→ **YOUR ASSIGNMENT**:
Emit a verbatim copy of the lines below from the line with "Zwart & Wit" through the line with "Rose Teardrop Headstone thumbnail 12", excluding pictures and everything outside that range.

→ **EXERCISE DATA**:
——

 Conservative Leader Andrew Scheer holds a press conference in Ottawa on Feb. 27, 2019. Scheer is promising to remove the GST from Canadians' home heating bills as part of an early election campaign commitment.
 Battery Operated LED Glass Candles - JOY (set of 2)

——

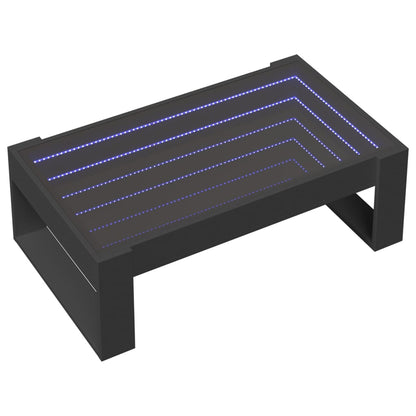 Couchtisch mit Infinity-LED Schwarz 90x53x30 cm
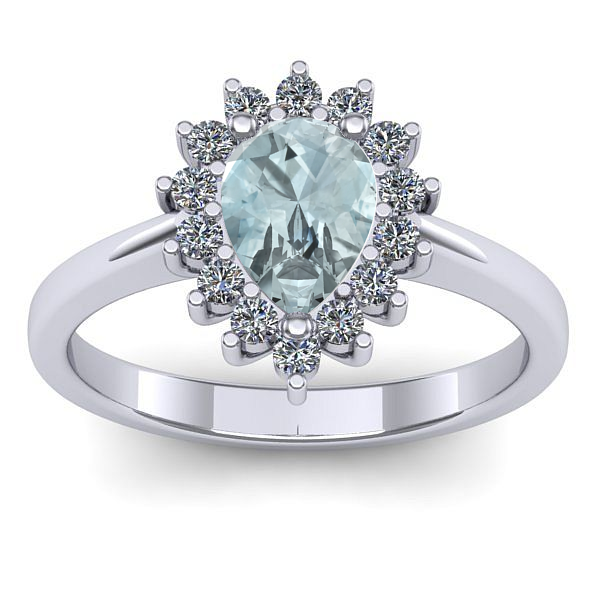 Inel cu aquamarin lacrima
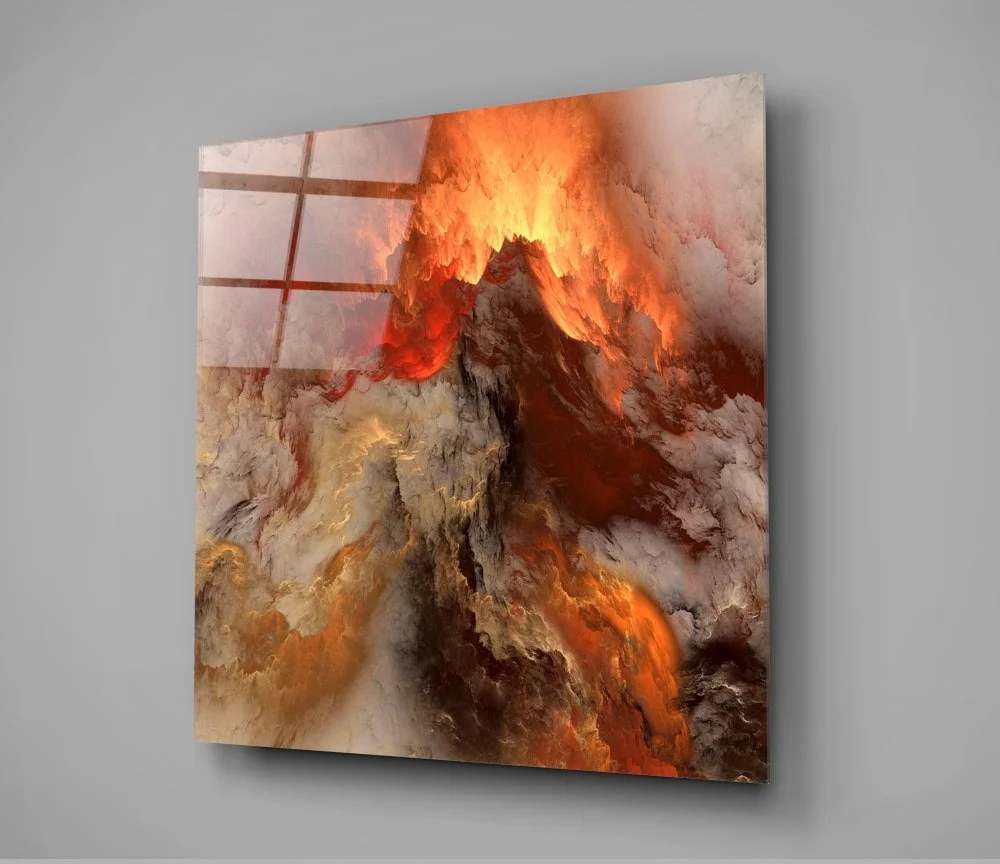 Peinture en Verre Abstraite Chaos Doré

——

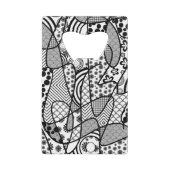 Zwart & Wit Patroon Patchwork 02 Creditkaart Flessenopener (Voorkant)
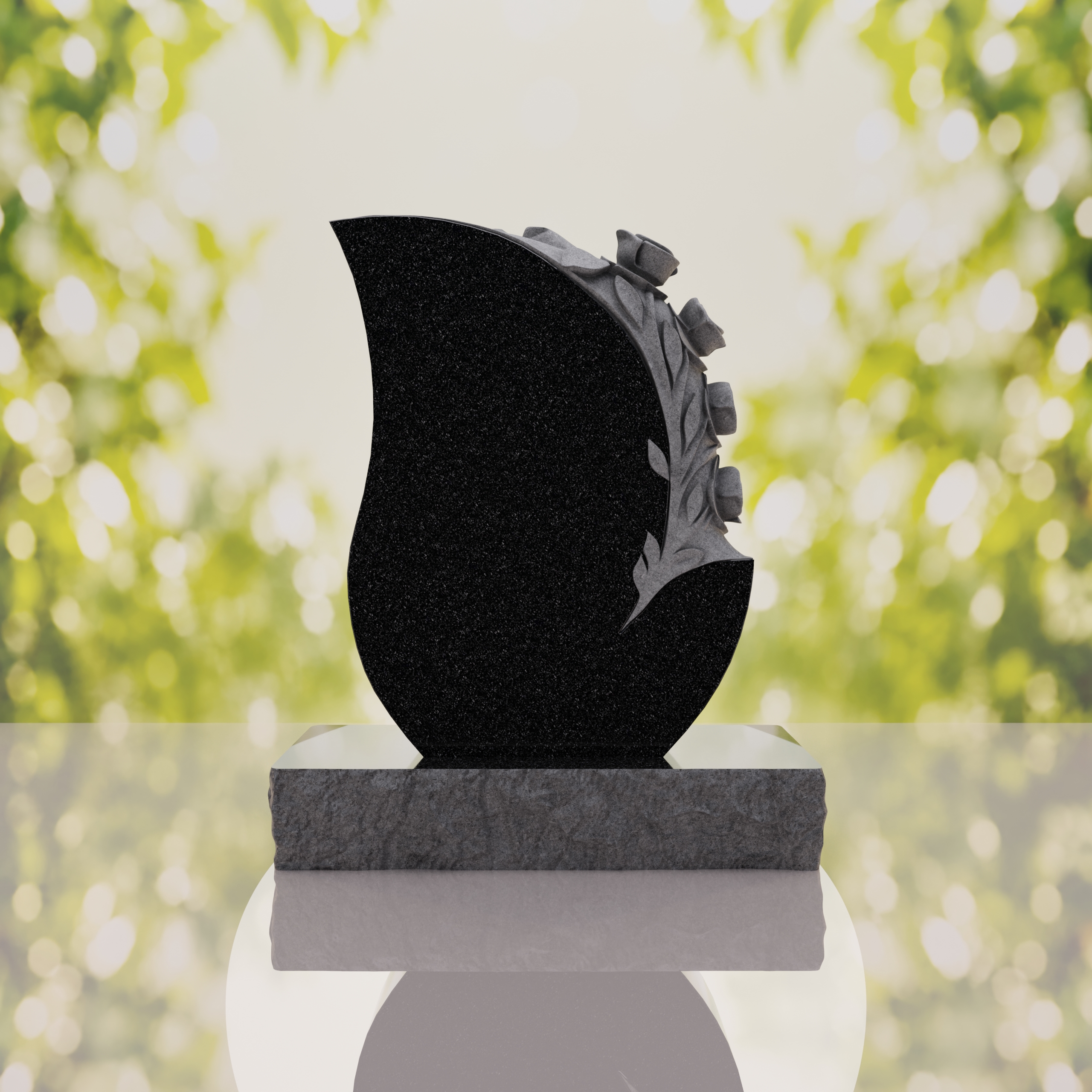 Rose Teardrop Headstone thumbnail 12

——

→ **WRITTEN ANSWER**:
 Zwart & Wit Patroon Patchwork 02 Creditkaart Flessenopener (Voorkant)
 Rose Teardrop Headstone thumbnail 12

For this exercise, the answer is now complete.